Como abordamos na matéria “Ferro, essencial à vida”, nosso organismo não produz naturalmente esse mineral, que precisa ser obtido através de alimentos de origem animal (carnes vermelhas e miúdos) e vegetal (frutas, leguminosas, vegetais verde escuro, grãos integrais, entre outros).

Há muitas maneiras de potencializar a absorção de Ferro pelo organismo. A boa notícia? Você mesmo pode cuidar desse assunto, ou seja, zelar pela sua saúde:

– Consuma alimentos ricos em Vitamina C (laranja, caju, goiaba, abacaxi, limão, tangerina, kiwi, tomate, manga, morango, maracujá, caqui, pimentão, acerola, entre outros) e evite, na mesma refeição, fontes de cálcio (iogurte, leite, pudim, queijo) e bebidas ricas em cafeína (café, chá preto e chá mate), que inibem a absorção deste mineral.

– Antes de consumir cereais integrais (arroz) e leguminosas como o feijão, soja, grão de bico, lentilha, deixe-os de molho por 12 horas para diminuir o teor de ácido fítico (descarte a água após esse período), que dificultam a absorção do Ferro.

– Repolho, couve, brócolis, couve-flor e agrião: de preferência, sirva cru, pois perdem Ferro e Vitamina C com o vapor ou água do cozimento.

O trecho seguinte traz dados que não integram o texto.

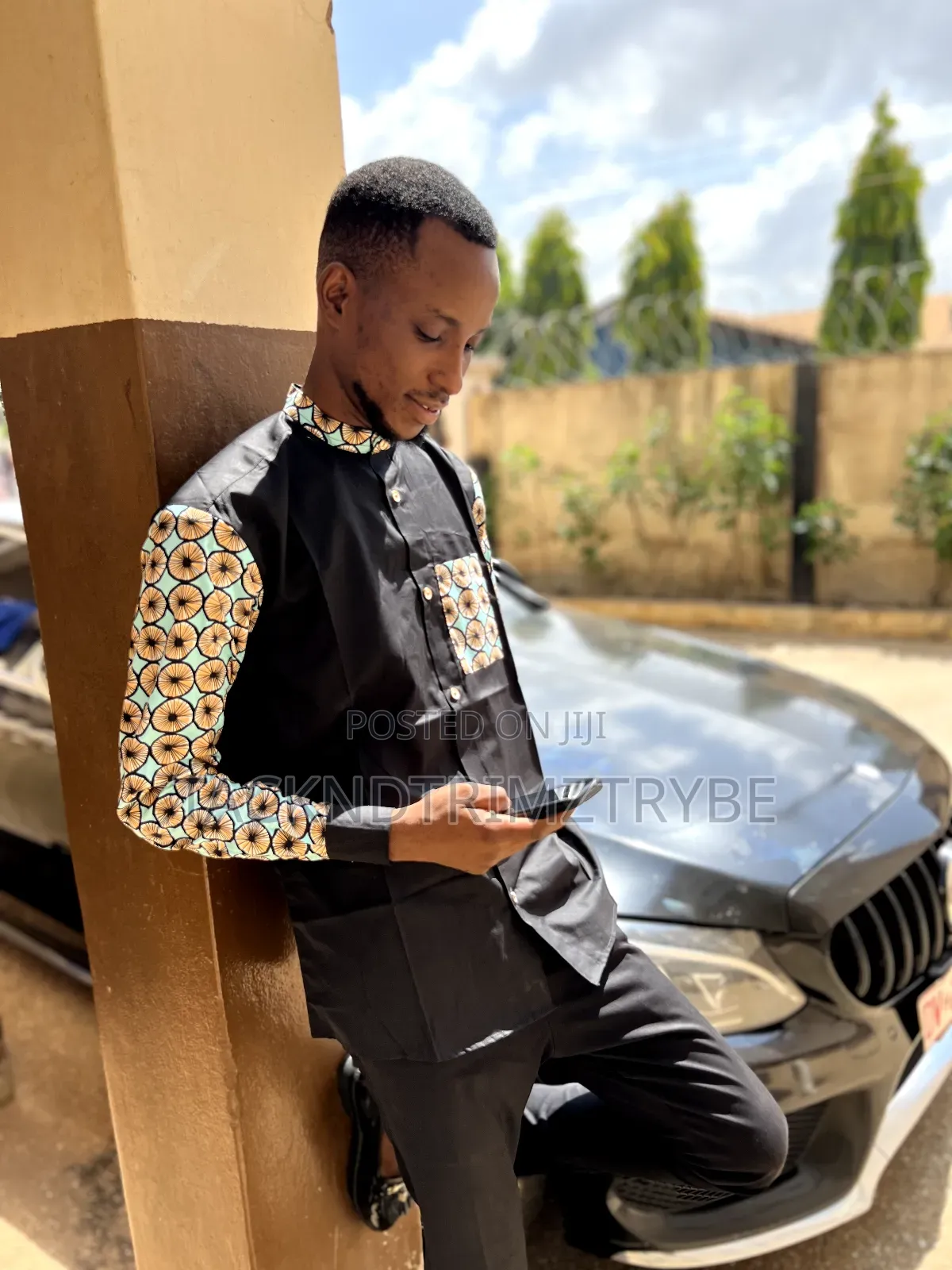 Men African Prints Shirt (Ready to Wear)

Já o espinafre é o oposto, quando fervido, o Ferro presente fica mais disponível para absorção por conta da liberação do oxalato, composto liberado na água.

– Dê preferência para que o cálcio e café sejam consumidos em maior parte no período da manhã e os alimentos fontes de ferro, no almoço e jantar.

– Troque o café, após o almoço, pelo suco de laranja ou aguarde no mínimo 30 minutos para consumi-lo.

– Cozinhar em panela de ferro aumenta a quantidade de ferro em alimentos com baixo teor desse nutriente, como o arroz.

E lembre-se: caso precise de uma adequação em sua alimentação, procure um nutricionista ou nutrólogo para uma prescrição correta para regular o Ferro no organismo e em sua rotina. Se cuidar faz bem.